Recently I was going through Tom Mitchell's Machine Learning book and encountered a derivation of standard derivation from mean for a confidence interval problem.
Mean is defined as follows: $$\overline\delta = {1\over k} \sum_{i=1}^k \delta_i$$
And Standard deviation is as follows: $$\mathbf{ \sigma_{\overline\delta} } = \sqrt{{1 \over k(k-1)} \sum_{i=0}^k (\delta_i - \overline\delta)^2} $$
I cannot seem to understand why $ \require{color}\mathbf{\colorbox{yellow}{(k-1)}}$ term is present in the Standard deviation formula. I know this is trivial, but it's bothering me a lot.
Any help with this derivation will be much appreciated. Thank you in advance.

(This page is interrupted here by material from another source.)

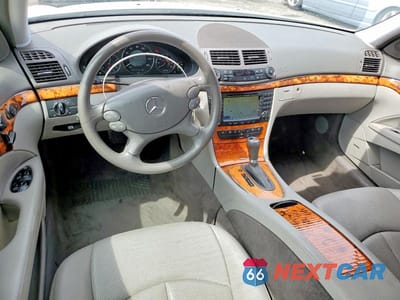 Zdjęcie 8 z 11 samochodu: 2007 MERCEDES-BENZ E 350 VIN:WDBUF56X07A994573 - miniatura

An unbiased estimate for the variance of the distribution generating the $\delta_i$'s is \begin{align*} S^2 \doteq \frac{1}{k-1}\sum_{i=1}^k (\delta_i - \bar{\delta})^2. \end{align*} Since the variance of the mean (assuming iid samples) is \begin{align*} \text{Var}(\bar{\delta}) = \frac{1}{k^2} \text{Var}\left( \sum_{i=1}^k \delta_i\right) = \frac{1}{k^2} \sum_{i=1}^k \text{Var}(\delta_i) = \frac{k\sigma^2}{k^2} = \frac{\sigma^2}{k}. \end{align*} Hence an unbiased estimate for the standard deviation of $\bar{\delta}$ is $\sqrt{\frac{S^2}{k}}$. Plugging in the definition of $S^2$ gives \begin{align*} \hat{\sigma}_{\bar{\delta}} = \sqrt{\frac{S^2}{k}} = \sqrt{\frac{1}{k(k-1)} \sum_{i=1}^k (\delta_i - \bar{\delta})^2} \end{align*}